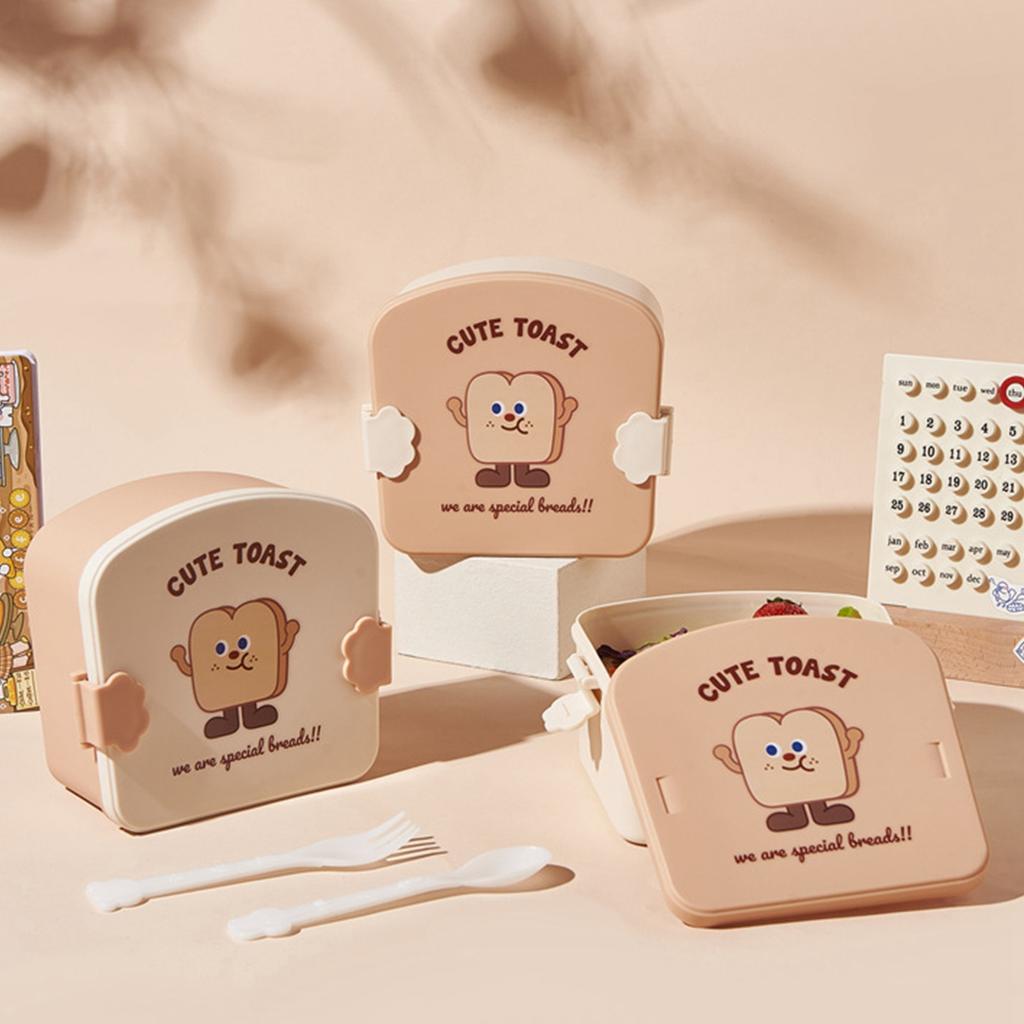 Children Bento Box Cartoon Look Divider Food Container School Portable Lunch Storage Box Khaki Toast Pattern Lid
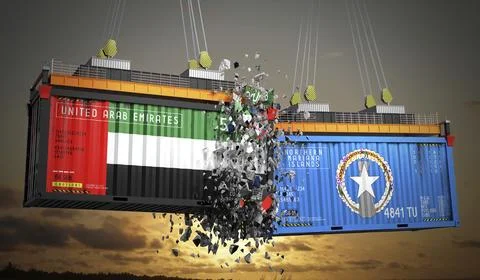 Cargo containers with flags of UAE and Mariana Islands Stock Illustration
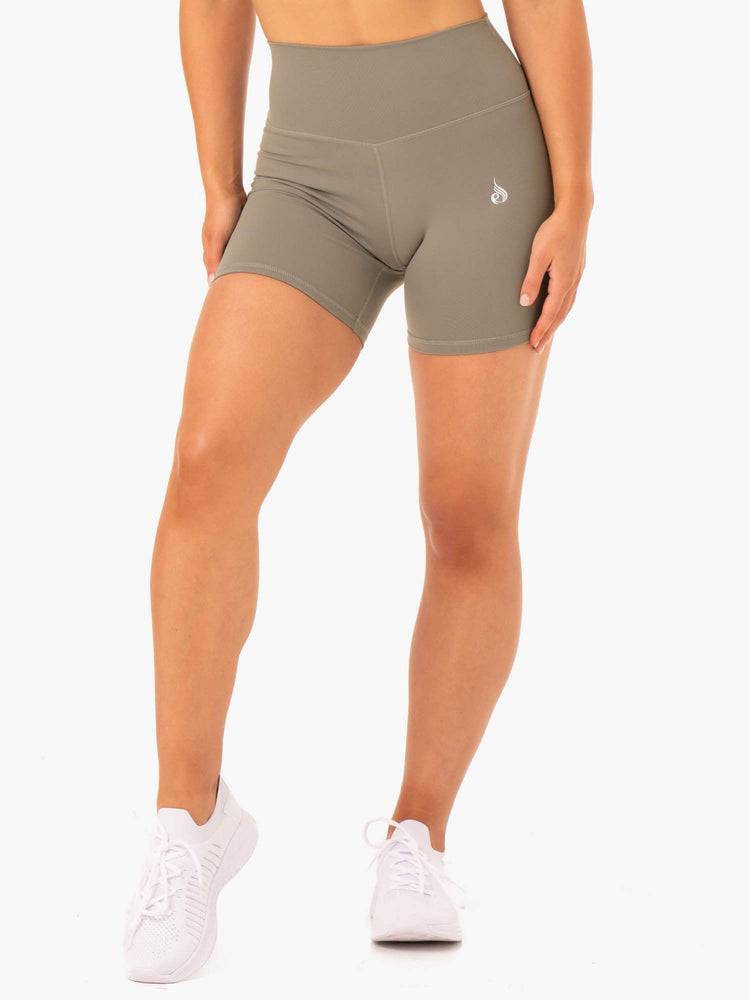 Szorty Damskie Ryderwear Women Shorts Base High Waisted Khaki | PL1976EX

» **EXERCISE PROMPT**: Reproduce word for word the lines from the one containing "Cargo containers with" through the end of the data, both ends kept. Drop the pictures.

» **RESULT**:
 Cargo containers with flags of UAE and Mariana Islands Stock Illustration
 Szorty Damskie Ryderwear Women Shorts Base High Waisted Khaki | PL1976EX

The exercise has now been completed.